Google moved the country’s top court, challenging the CCI ruling, but the Supreme Court refused to block the directives and instead asked Google to comply with the ruling within seven days.
“We remain committed to our users and partners and will cooperate with the CCI on the way forward,” a Google spokesperson said in a statement to the Reuters news agency, without explaining the steps it could take.
We are reviewing the details of yesterday’s decision which is limited to interim relief and did not decide the merits of our appeal,” Google said, adding that it would continue to pursue its legal challenge to the Android decision.
The Supreme Court has said the tribunal – where Google first challenged the Android directives – can continue to hear the company’s appeal and must rule by 31 March.
About 97 percent of 600 million smartphones in India run on Android, according to Counterpoint Research estimates. Apple has just a 3 percent share.
Google had challenged the CCI order in the Supreme Court by warning it could stall the growth of the Android ecosystem.
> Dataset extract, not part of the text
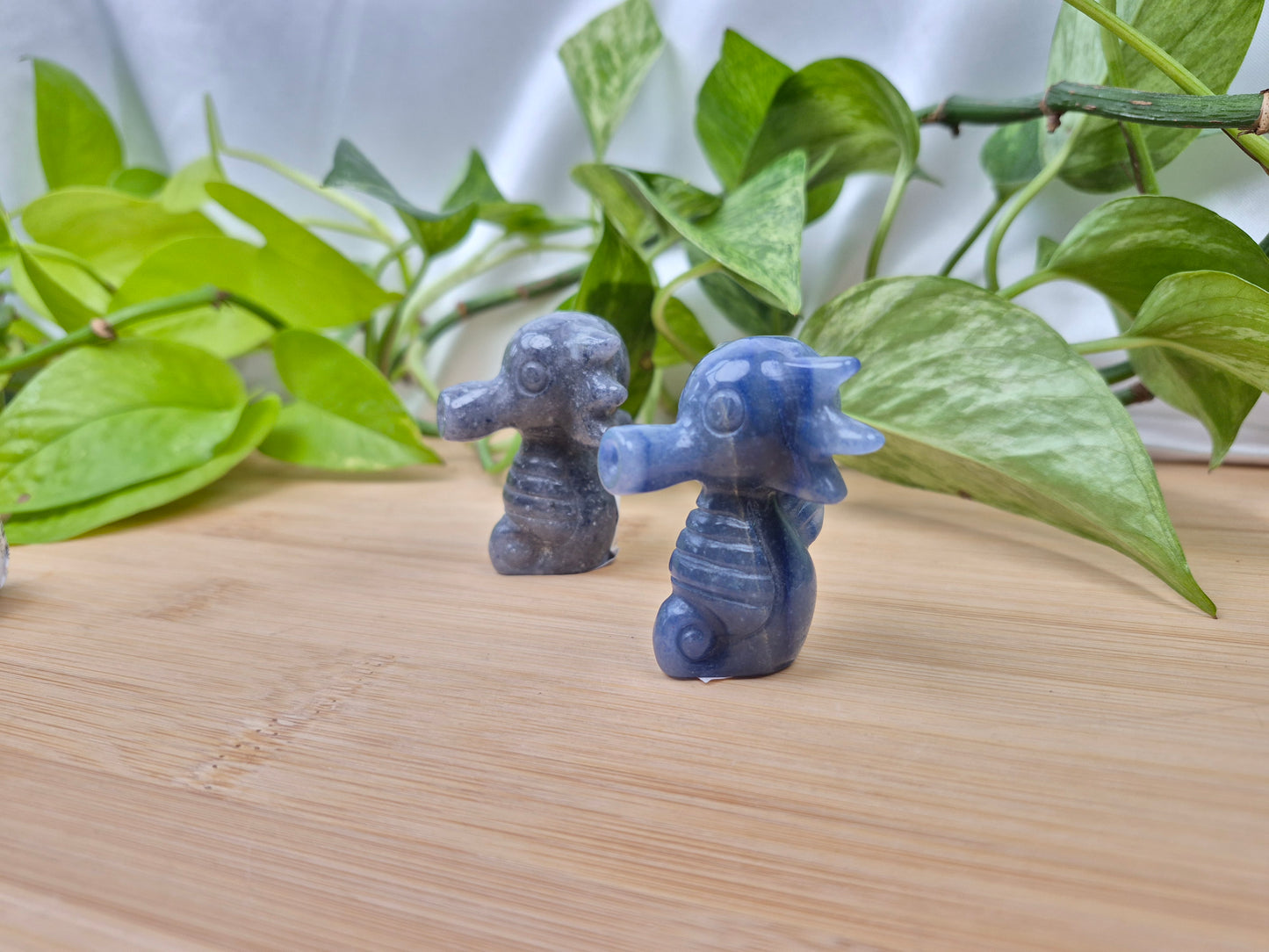 BLUE AVENTURINE HORSEA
It also said it would be forced to alter arrangements with more than 1,100 device manufacturers and thousands of app developers if the directives kick in.
Google is still challenging the record $4.3bn fine the European Commission had imposed on it through its 2018 ruling against what the Commission called unlawful restrictions on Android mobile device makers.
Google, however, made changes later, including letting Android device users pick their default search engine and said device makers will be able to license the Google mobile app suite separately from the Google Search App or the Chrome browser.